FIELD MEETING: THINKING PROJECTS
Simon Fujiwara (Berlin)
Hope House – A Guided Tour
Emerging from his most ambitious installation project to date – Fujiwara’s keynote lecture performance transported the audience through the process of reproducing a full-scale replica of the Anne Frank House presented as a building within a building across four floors of a gallery in Tel Aviv. Synthesizing a variety of ethical, economical, and practical questions around the now global culture of capitalism and consumption into a compelling performance for which he is internationally known, Fujiwara presented a rich, contradictory, and indeed “uneasy picture of the most cherished human desires: to do good, to belong, to love.”
> See all presenters’ profiles
Simon Fujiwara, Hope House – A Guided Tour, 2017. Performance lecture documentation FIELD MEETING Take 5: Thinking Project, November 15th at SVA Theatre.
_____________________________________________________________________________________________________________________________________
Born in 1982 (London, UK), Simon Fujiwara has created a complex and rich body of interconnecting works that encompass performance, film, installations, sculptures and texts. Bringing personal experiences both real and imagined into contact with larger historical events, his expansive practice has been described as an ‘autobiographical journey through the architecture of modern life – constantly rebuilt as it is retold’. Fujiwara studied architecture at Cambridge University and Fine Art at Städelschule in Frankfurt am Main.

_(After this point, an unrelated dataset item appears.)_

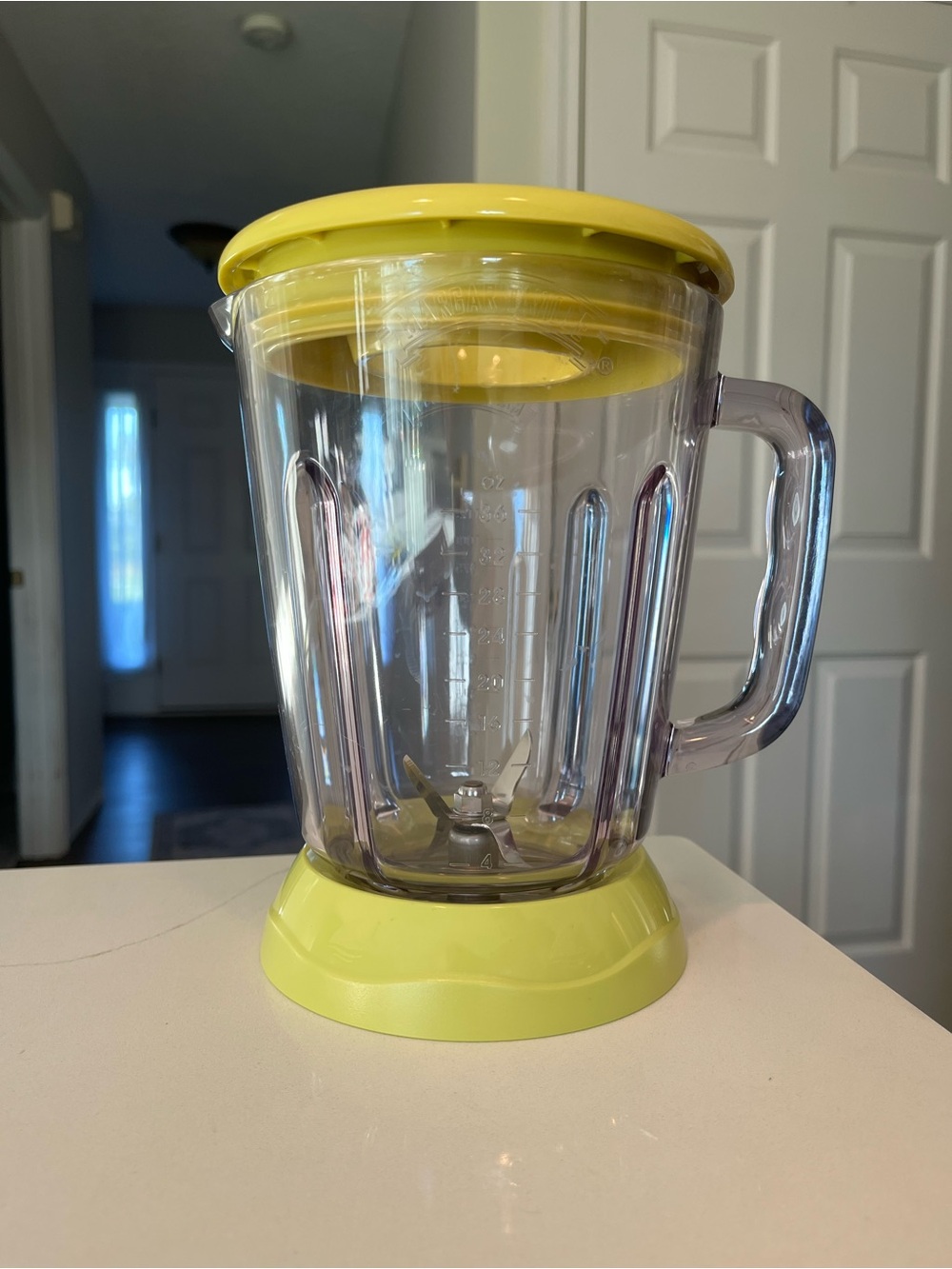 Margaritaville frozen concoction maker replacement 36oz plastic pitcher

His work has been presented in group and solo exhibitions at institutions that include Tate St.Ives, UK, MoMA, NY, Julia Stoschek Collection, Dusseldorf, Museum of Contemporary Art, Tokyo, Kunstverein Braunschweig, and SFMoMA, San Francisco. His participation in international biennales includes the Venice, (2009), Sao Paulo (2010), Gwangjyu (2012), Shanghai (2012) and Sharjah (2013) Biennales among others. Key works are housed in public collections including the Tate Collection, Hamburger Kunsthalle and Prada Foundation. In 2009 he won the Art Foundation Fellowship for Interior Architecture and in 2010 he won both the Cartier Award and the prestigious Art Basel Statements Baloise Prize. He has published two artists books, The Museum of Incest and 1982.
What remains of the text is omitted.